Gゼロサミットに関する岸田総理メッセージ
内閣総理大臣の岸田文雄です。Gゼロサミットが、2年ぶりに対面で開催されることを嬉しく思います。私自身は、海外から数多くの首脳が現在訪日されており、本会議に直接足を運ぶことはできませんが、今後の世界の展望を開く、活発な議論が交わされることを期待します。
パンデミック、ウクライナ危機、そして、国際的なエネルギー・食料危機。歴史を画するような数十年に一度あるかどうかの事態に次々と直面しています。特に、ウクライナ危機で、Dr.ブレマーのおっしゃるGゼロの世界が、正に文字どおり現実のものとして現れた。このように思います。力を背景とした一方的な現状変更の試みは世界のいずれの地域においても認められてはなりません。また、不透明な開発支援、経済的威圧などにより、自由で開かれた経済秩序も大きな挑戦を受けています。
Gゼロの世界において、日本に今求められるのは、ポスト冷戦期の次の時代の新しい国際秩序の構築をリードし、先進国と途上国の橋渡しをすることです。
例えば、今月初めのIPEF(インド太平洋経済枠組み)の交渉開始の宣言。
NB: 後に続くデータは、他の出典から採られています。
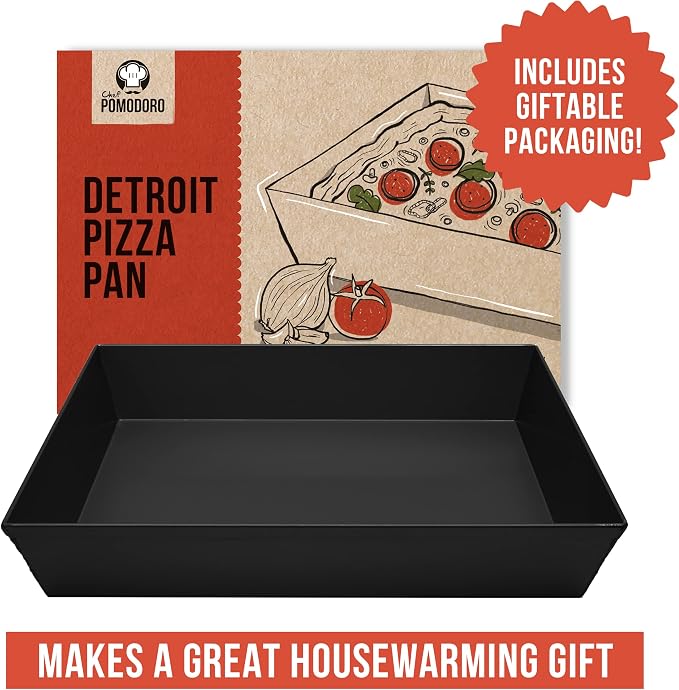 Chef Pomodoro Detroit Style Pizza Pan, 10x14in, Anodized Aluminum Deep Dish | Pre-Seasoned Nonstick Rectangular Bakeware, 2.5in Deep, Great for Casseroles, Focaccia & Deep Dish Desserts, Lasagna Pan - Image 5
サプライチェーンの強靱(きょうじん)化等の21世紀型の課題に対応した枠組み構築に向けた大きな一歩です。IPEFがインド太平洋地域における包摂的で持続的な成長プラットフォームとなるよう、我が国は、最大限の貢献をしていきます。
また、来年、日本は議長国としてG7広島サミットを開催します。なぜ、広島でG7を開催するか。自由、民主主義、法の支配等の普遍的価値と国際ルールに基づく、新たな時代の秩序作りをG7が主導していく意思を、広島の平和のモニュメントの前で、歴史の重みをもって示したいと考えているからです。その際、アジアにおける唯一のG7国である我が国は、G7とアジアの架け橋として、歴史的な使命を担っていることを前提に臨みたいと考えています。
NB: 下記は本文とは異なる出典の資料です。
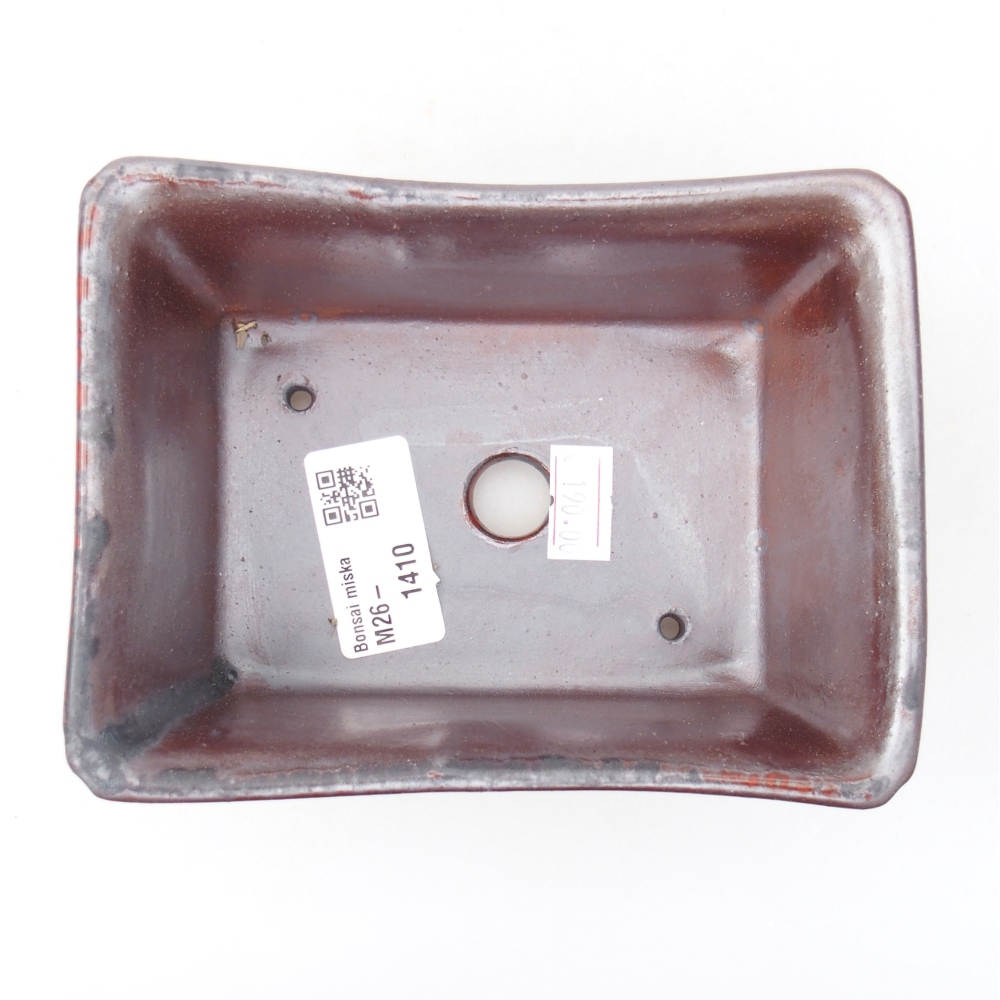 Keramická miska na bonsaje 13,5 x 10 x 5,5 cm, metalická čierna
さて、今回のGゼロサミットでは、強靱なサプライチェーンの構築やESG投資などについて議論されると伺っています。
私は、これまでの資本主義により生じてきた外部不経済を、成長のエンジンと捉え、官民連携で、課題解決をしつつ、成長を目指す、新しい資本主義を提唱しています。今回のGゼロサミットのテーマは、いずれも、新しい資本主義の中核的なテーマでもあります。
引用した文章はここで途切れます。